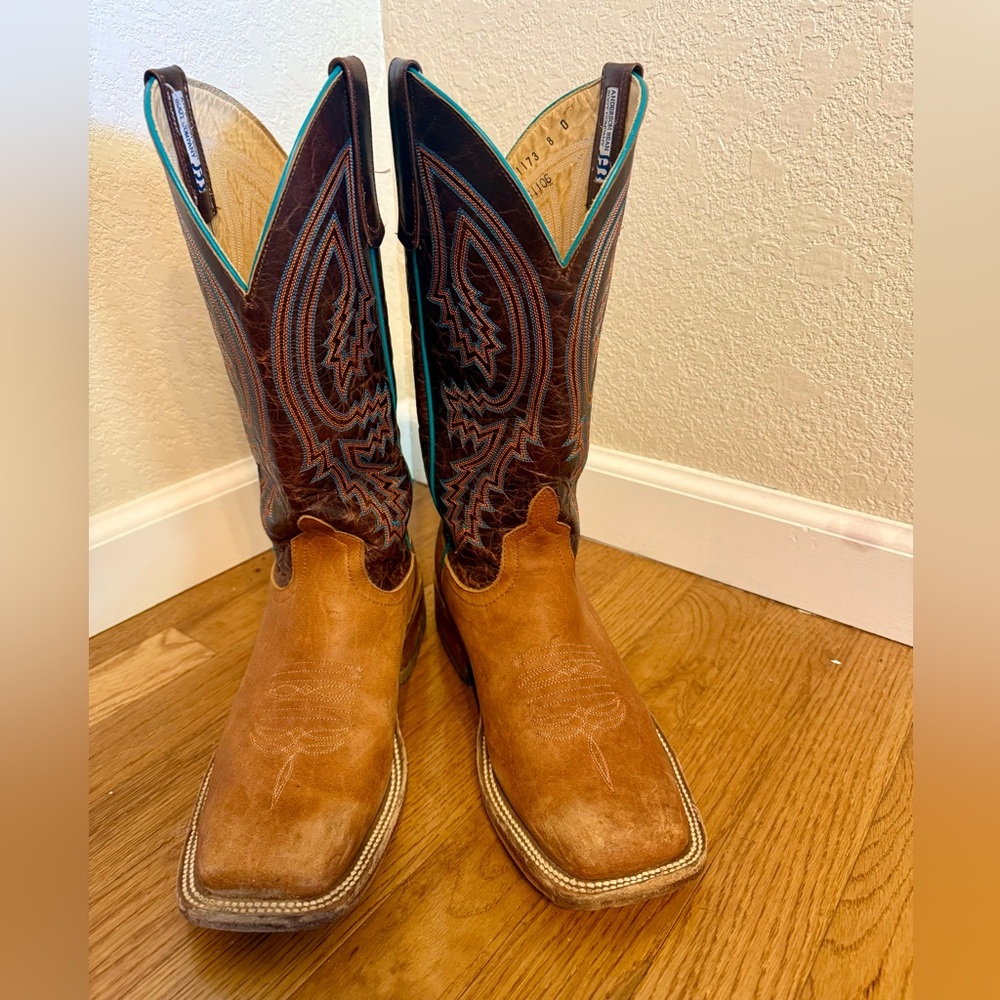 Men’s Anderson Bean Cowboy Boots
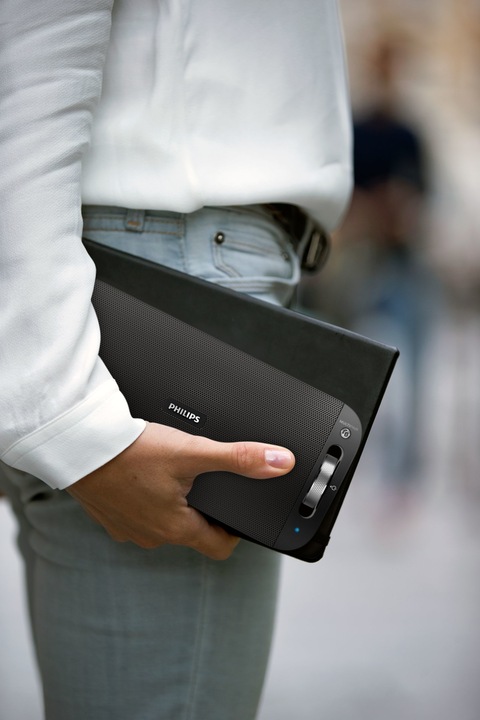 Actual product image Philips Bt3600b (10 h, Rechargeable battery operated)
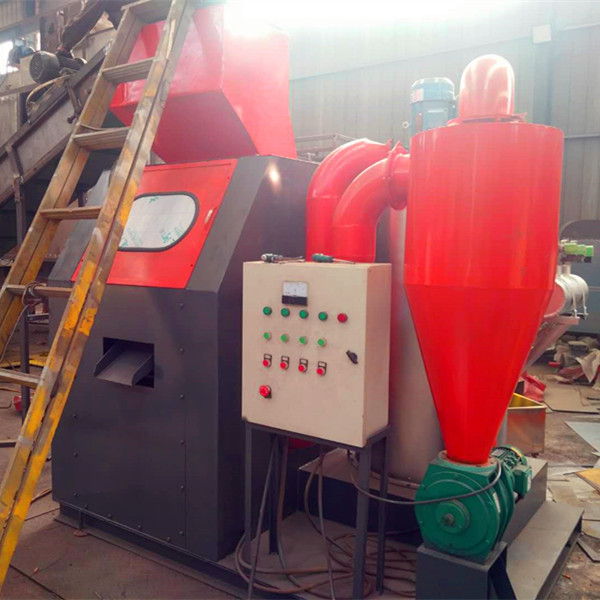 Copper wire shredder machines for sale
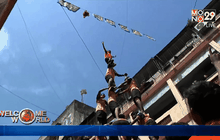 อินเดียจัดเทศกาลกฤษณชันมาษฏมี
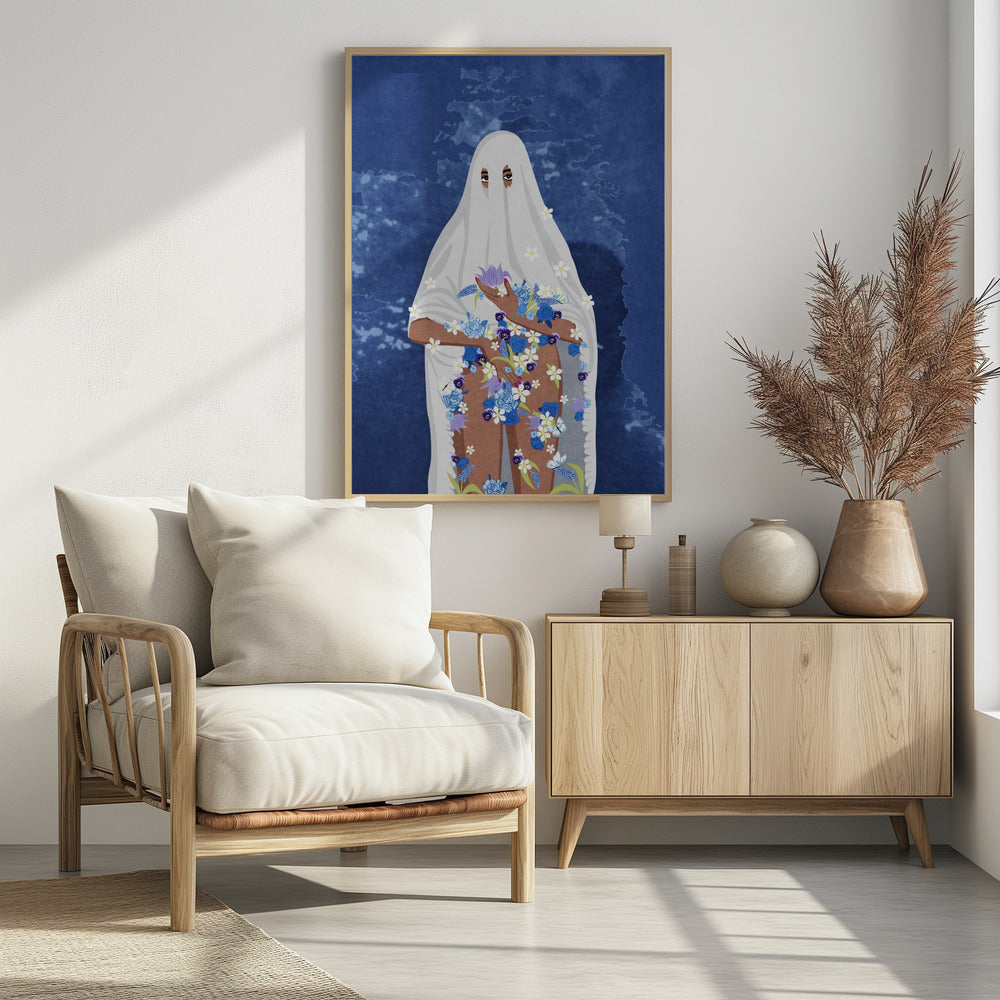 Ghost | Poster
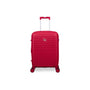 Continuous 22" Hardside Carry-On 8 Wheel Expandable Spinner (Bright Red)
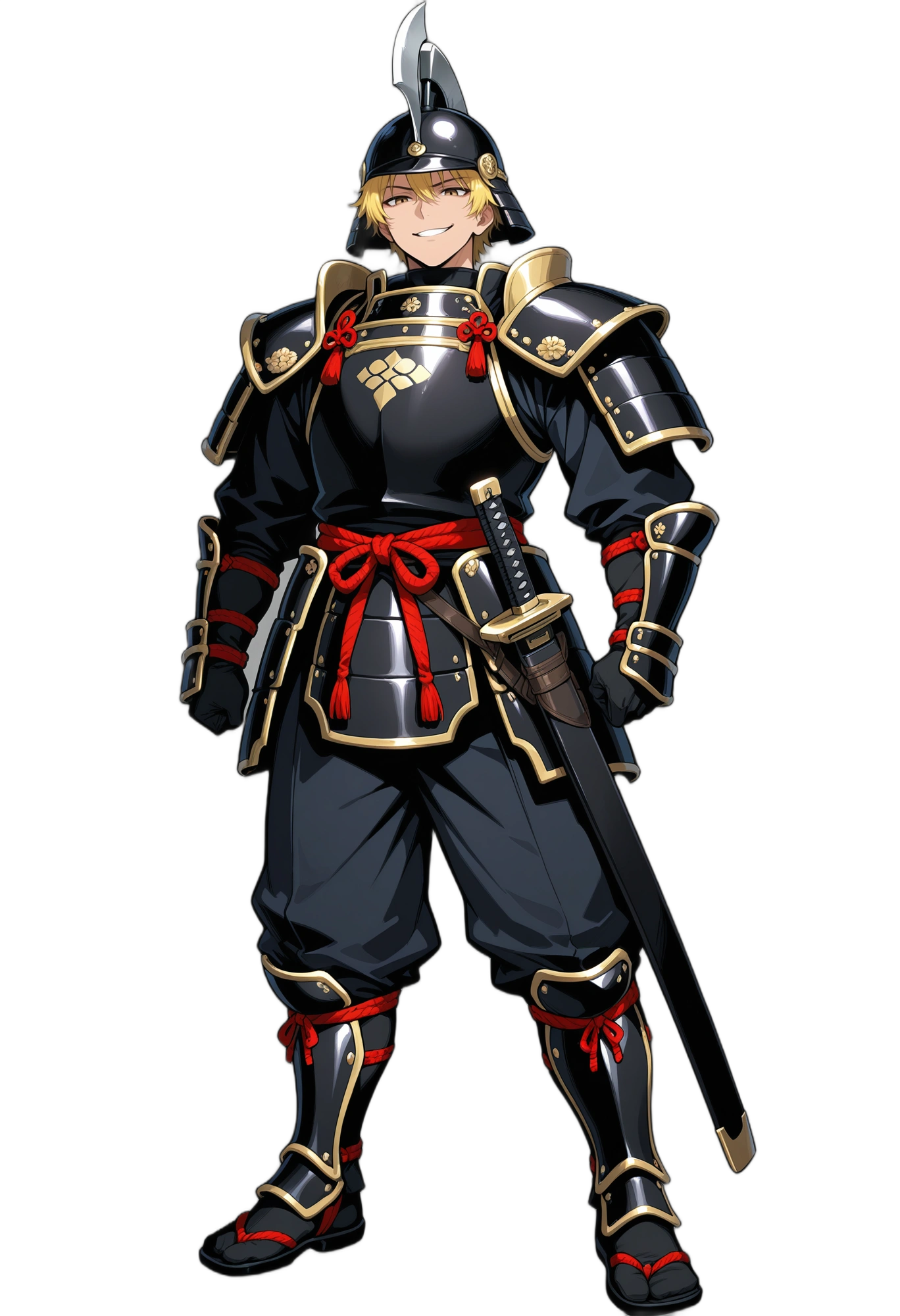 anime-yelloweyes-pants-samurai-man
---
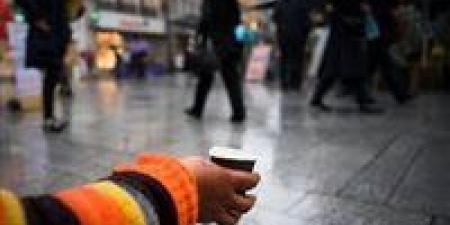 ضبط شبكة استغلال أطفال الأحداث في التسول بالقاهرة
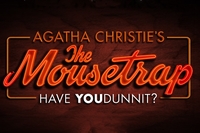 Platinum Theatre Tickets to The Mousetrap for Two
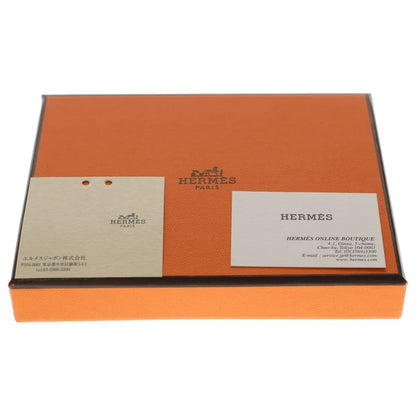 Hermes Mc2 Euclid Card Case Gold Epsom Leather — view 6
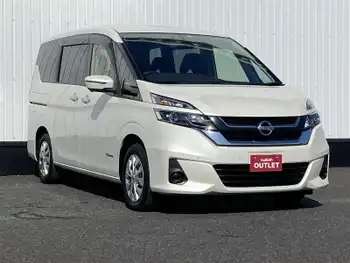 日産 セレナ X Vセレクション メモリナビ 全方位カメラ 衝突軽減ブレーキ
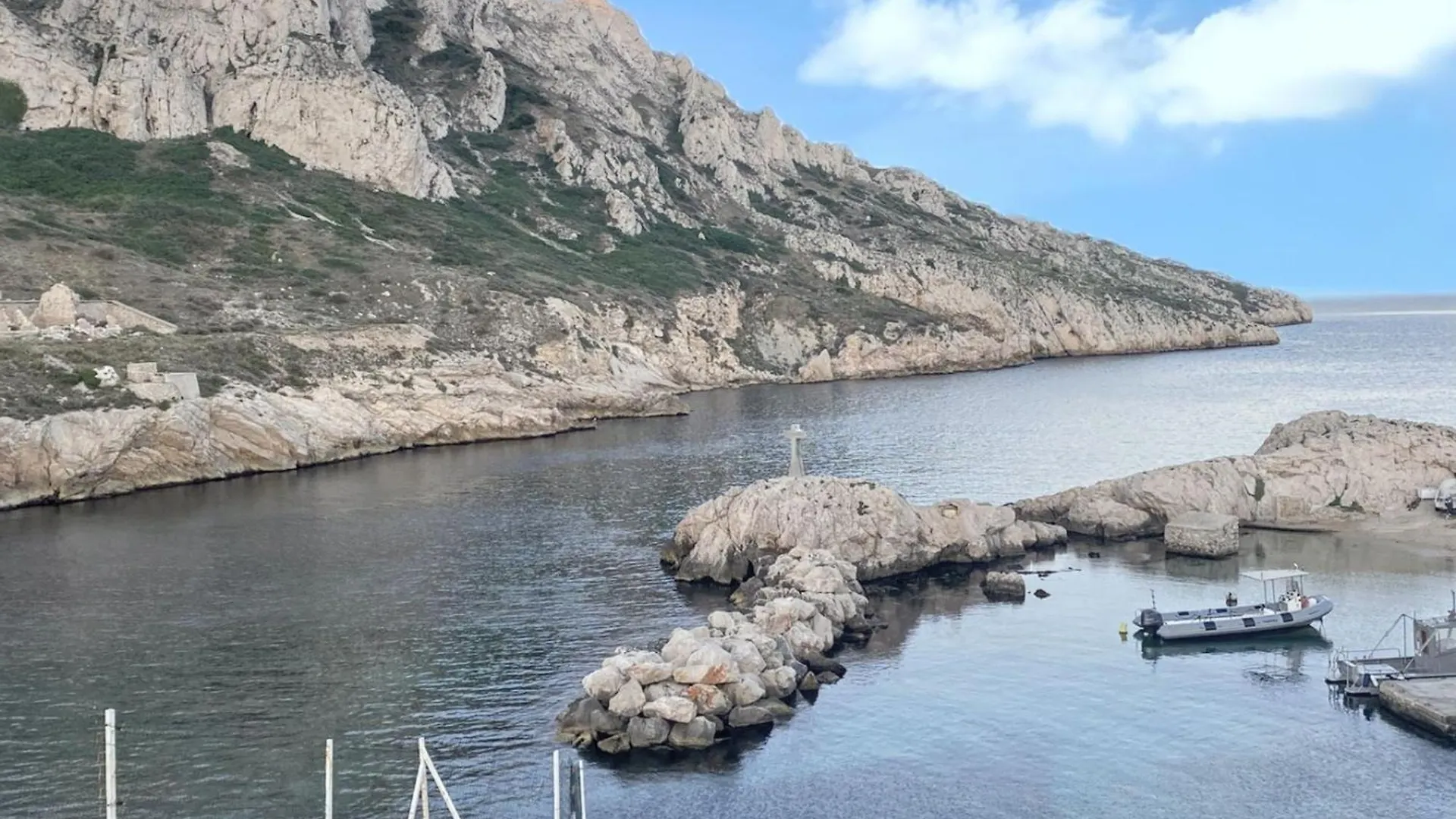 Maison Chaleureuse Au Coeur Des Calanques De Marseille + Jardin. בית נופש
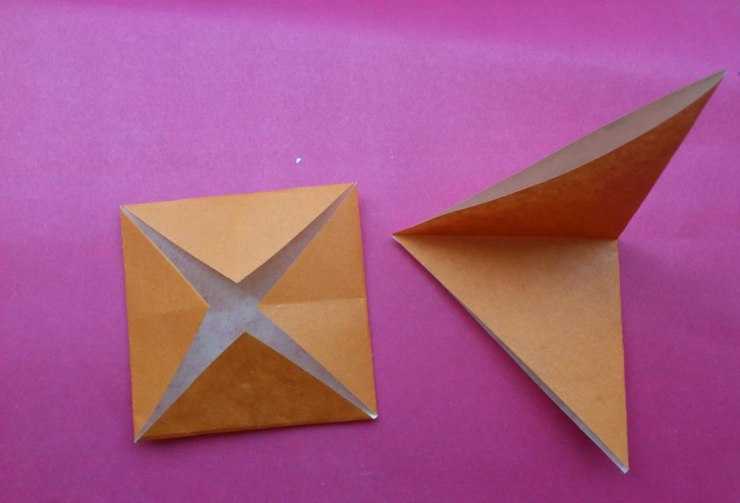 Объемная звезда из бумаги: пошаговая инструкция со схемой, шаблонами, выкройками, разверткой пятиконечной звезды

__About this exercise__:
With the pictures removed, print only the lines starting at the line that has "Ghost | Poster" and ending at the line that has "anime-yelloweyes-pants-samurai-man", both ends included, exactly as they stand above.

__Final answer__:
 Ghost | Poster
 Continuous 22" Hardside Carry-On 8 Wheel Expandable Spinner (Bright Red)
 anime-yelloweyes-pants-samurai-man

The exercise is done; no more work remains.